I have an xml message from a kafka topic and im looking to convert the incoming message to a dataframe and use it further. I have achieved the same for json messages but not with xml. if anyone could help on the same.
code with json(working alright):
from pyspark.sql.functions import from_json
from pyspark.sql.types import StructType, StructField, StringType
schema = StructType([
StructField("key", StringType()),
StructField("value", StringType())
])
df = spark.readStream \
.format("kafka") \
.option("kafka.bootstrap.servers", "localhost:9092") \
.option("subscribe", "topic-name") \
.load() \
.select(from_json(df.value.cast("string"), schema).alias("parsed_value"))

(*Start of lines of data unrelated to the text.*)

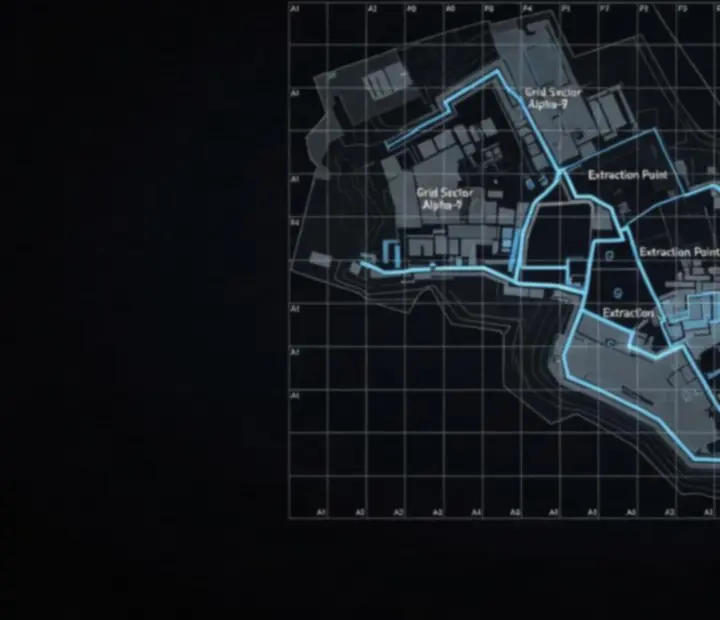 Taktikai Standoff 2 pályaáttekintés sötét FPS-stílusú rácson
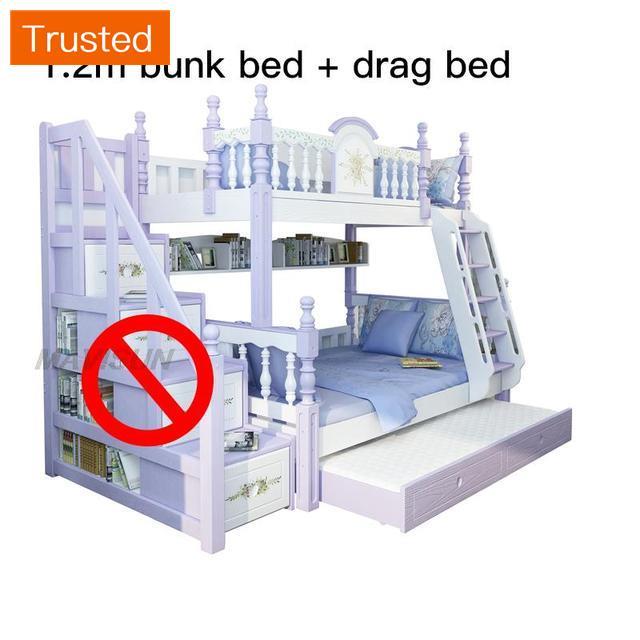 Louis Fashion Double Solid Wood Bunk Bed For Girl Child Minimalist Modern Children's Bed  Double 1.2 Meter Bunk Bed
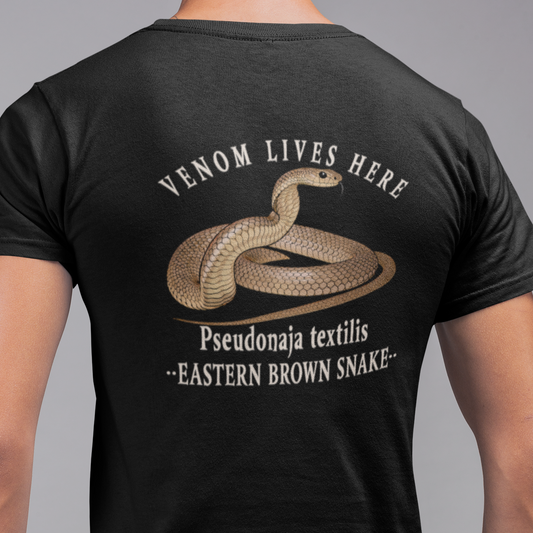 Eastern Brown Snake T-Shirt, Venom Lives Here Shirt, Double Sided Snake Tee, Australian Reptile Shirt, Snake Lover Gift, Herping Tee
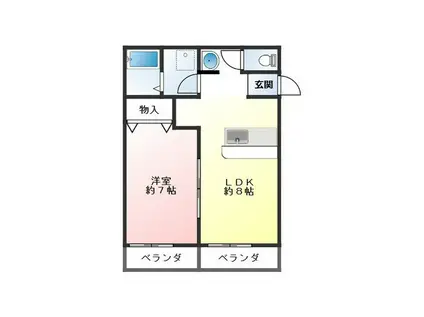 リンナイ・タカダ(1LDK/1階)の間取り写真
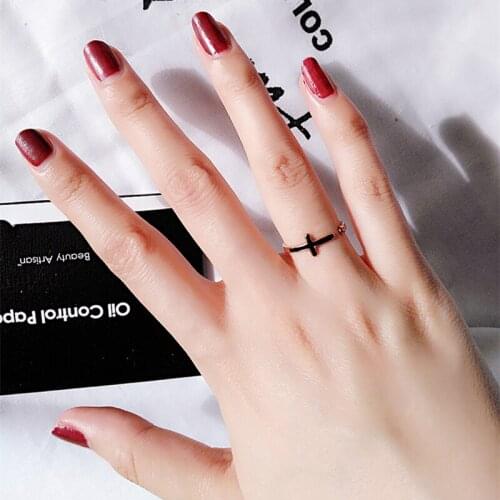 Cross Black Face Open Titanium Steel Rose Gold Ring Single Cubic Zircon ring high quatity Hot selling Rings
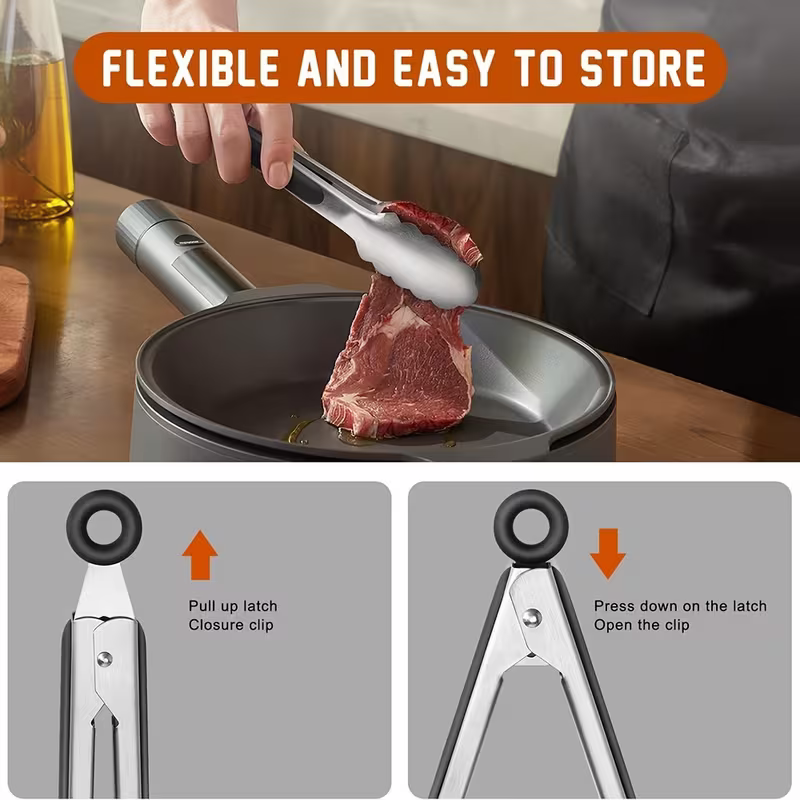 Stainless steel kitchen tongs set (2 pieces), silicone anti-slip handle, lockable barbecue food tongs, 22.86cm & 30.48cm, barbecue cooking tools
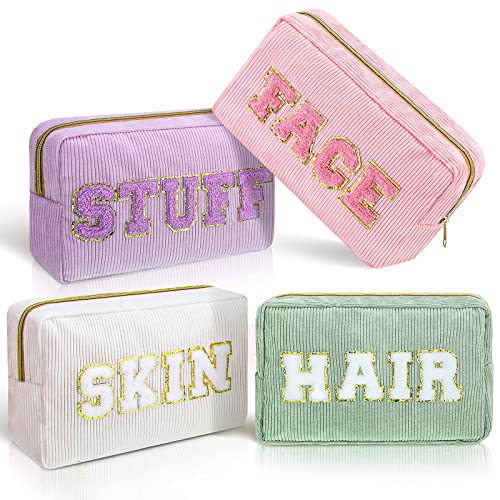 Pinkunn 4 Pcs Preppy Makeup Bags Christmas Gift Chenille Letter Patch Bag Face Skin Hair Stuff Cosmetic Bag Travel Zipper Pouch Makeup Organizer for Girls (Purple, Pink, White, Green,Classic)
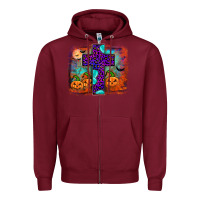 Burgundy halloween cross Zipper Hoodie - JahusDesignShop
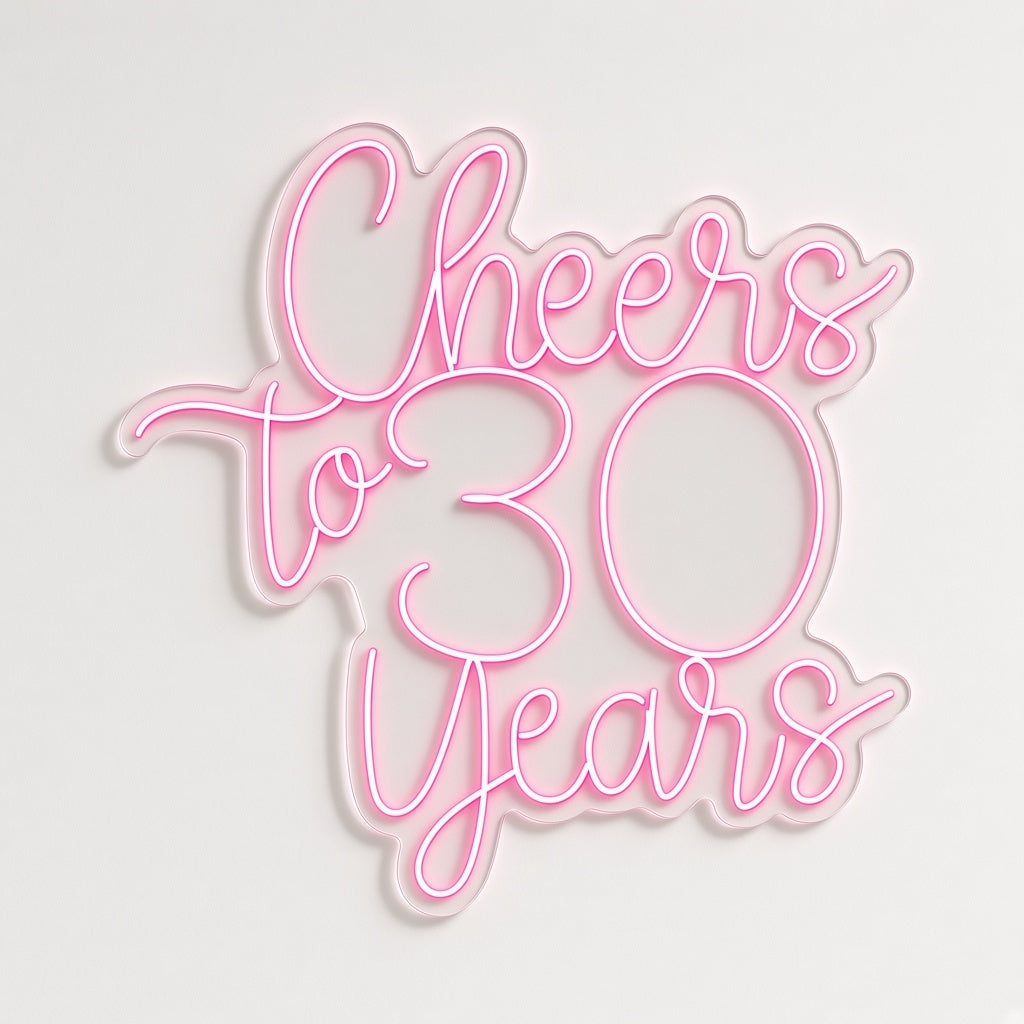 Cheers To 30 Years LED Neon Sign - natural light view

I tried to use xml parse from xmltodict module to create a udf and apply it on the field of the data frame. It works as expected.
import xmltodict
import json
from pyspark.sql import functions as sf
from pyspark.sql.types import ArrayType, StringType
def xml_to_json_udf(xml_string):
xml_dict = xmltodict.parse(xml_string)
json_data = json.dumps(xml_dict)
return json_data
xml_to_json_udf = sf.udf(parse_xml, StringType())
Later used in the dataframe like this :
df = df.withColumn('xml_column_as_xml', xml_to_json_udf(df._kafka_value)) # _kafka_value in string datatype
However one error that i face is when the message comes from a kafka producer the string value doesnt get parsed as an xml(still trying to figure it out).